When you’re buying a house, finding the right mortgage can be a major headache – especially if it’s taken you ages to find a house you like, and you just want to move in.
So it’s no surprise that some people end up taking whatever mortgage offer they can get, often on a fixed-rate deal lasting anywhere from one year to five years or more.
But once this expires, you’re typically left with a standard variable rate mortgage that might not even be close to competitive with the current market – knowing when to switch is crucial.
Are you locked in?
First of all, know the details of your existing mortgage. Are you still locked into a fixed-rate period that you’re not allowed to leave? Or is there an exit fee you will have to pay if you switch?
Sometimes you may be allowed to switch to a different mortgage from the same lender without incurring a fee, whereas you might be asked to pay to leave the lender completely and go elsewhere.
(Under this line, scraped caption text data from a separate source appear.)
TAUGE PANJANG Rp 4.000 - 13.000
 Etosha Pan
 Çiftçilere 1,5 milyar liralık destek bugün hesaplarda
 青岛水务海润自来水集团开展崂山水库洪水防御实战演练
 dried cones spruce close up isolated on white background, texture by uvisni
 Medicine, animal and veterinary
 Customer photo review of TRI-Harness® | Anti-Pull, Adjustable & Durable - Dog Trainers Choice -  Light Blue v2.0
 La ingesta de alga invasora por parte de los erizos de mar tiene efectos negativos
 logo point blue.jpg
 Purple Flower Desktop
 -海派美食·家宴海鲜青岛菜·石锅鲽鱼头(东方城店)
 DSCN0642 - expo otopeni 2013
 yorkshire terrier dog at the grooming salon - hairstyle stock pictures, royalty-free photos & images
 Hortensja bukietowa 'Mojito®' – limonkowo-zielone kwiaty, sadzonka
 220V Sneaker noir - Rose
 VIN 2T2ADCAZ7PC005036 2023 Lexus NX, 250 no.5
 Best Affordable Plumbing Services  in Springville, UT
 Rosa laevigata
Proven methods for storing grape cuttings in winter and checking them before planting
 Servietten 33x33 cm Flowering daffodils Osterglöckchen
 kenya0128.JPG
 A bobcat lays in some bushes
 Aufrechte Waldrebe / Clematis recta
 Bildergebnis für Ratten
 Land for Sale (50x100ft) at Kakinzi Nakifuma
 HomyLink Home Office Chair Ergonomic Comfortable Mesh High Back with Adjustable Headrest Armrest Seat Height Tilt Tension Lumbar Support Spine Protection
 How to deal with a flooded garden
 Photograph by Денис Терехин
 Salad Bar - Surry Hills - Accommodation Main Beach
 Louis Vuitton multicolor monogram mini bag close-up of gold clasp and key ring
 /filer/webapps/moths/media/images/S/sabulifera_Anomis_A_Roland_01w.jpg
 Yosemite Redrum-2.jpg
Are you in negative equity?
The housing market, like the economy as a whole, has been turbulent in recent years, and if the value of your property has dropped, you might be left unable to repay the outstanding mortgage when you sell your home.
Remortgaging in these circumstances can be challenging, as your effective loan to value rate could be over 100%, and mortgages at that level of LTV have disappeared from the market.
On the flipside, if house prices in your area have rocketed, it might be worth remortgaging at a lower LTV, as you could get a lower interest rate as a result.
When did you last remortgage?
If you’ve never remortgaged, it’s definitely worth considering it, even if you ultimately decide to stick with the loan you’ve got.
Think of it like switching energy supplier – until you compare the full market, you’ll never know if there’s a mortgage out there that suits your needs and could save you a lot of money.